• [About this task] Could you copy exactly the lines from the one containing "The Flight of the Silver cat" through the last line of the records below, leaving out any pictures?

• [Entries shown]
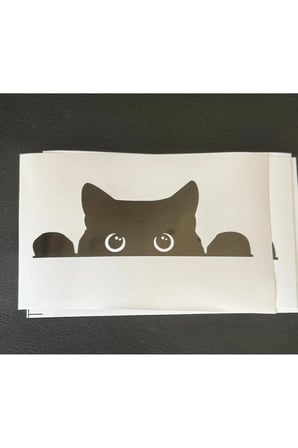 Koç stüdyo Bagajdan Bakan kedi Oto sticker
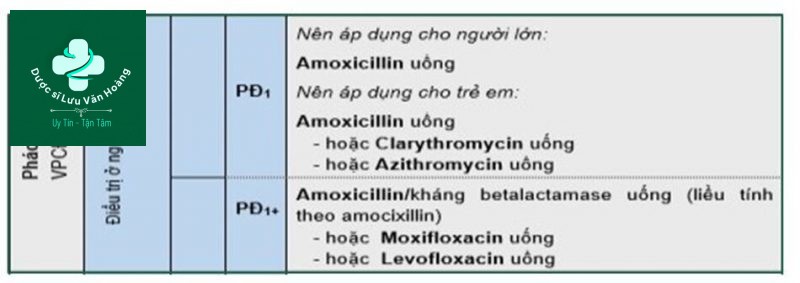 Hướng dẫn chẩn đoán và điều trị viêm phổi 78 Điều trị kháng sinh kinh nghiệm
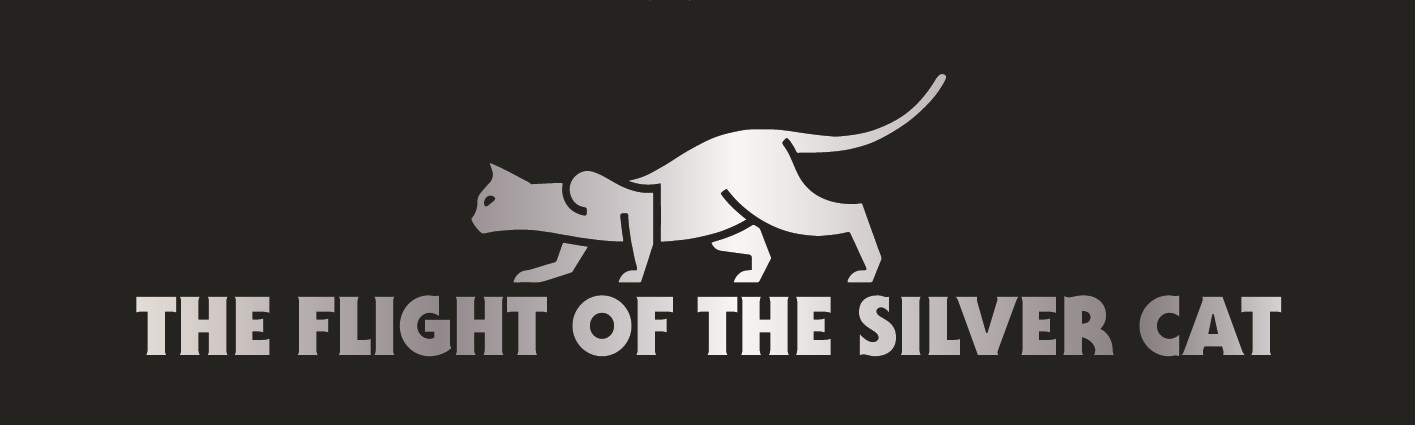 The Flight of the Silver cat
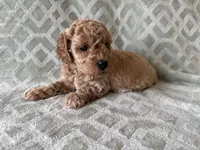 Peaches , a female Poodle - Miniature  for sale in Lexington, KY – 3 of 5
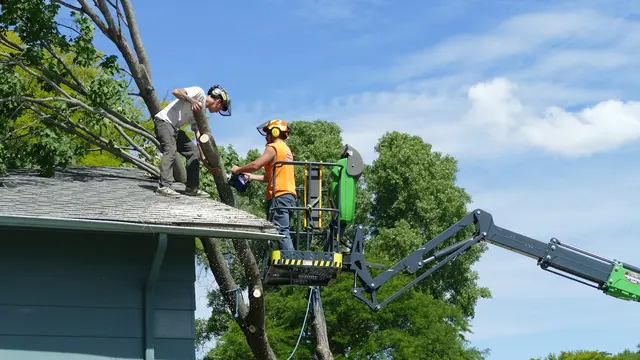 Minnesota Tree Experts — photo from the business 2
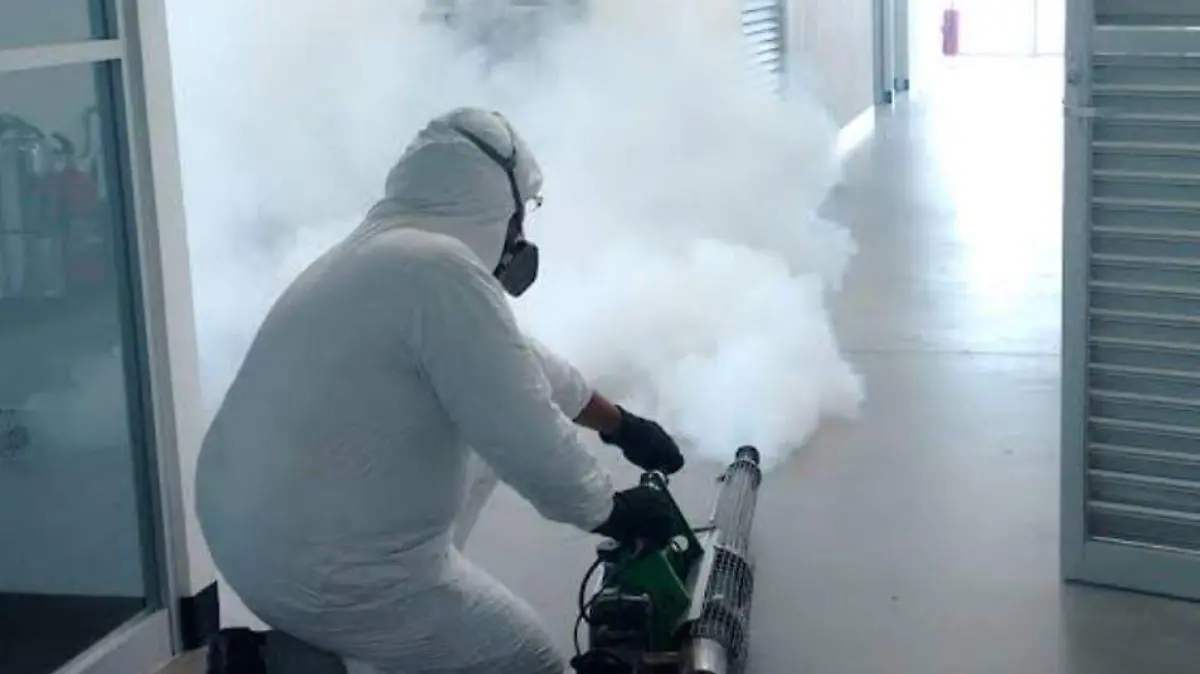 fumigaciones (2)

• [Task solution]
 The Flight of the Silver cat
 Peaches , a female Poodle - Miniature  for sale in Lexington, KY – 3 of 5
 Minnesota Tree Experts — photo from the business 2
 fumigaciones (2)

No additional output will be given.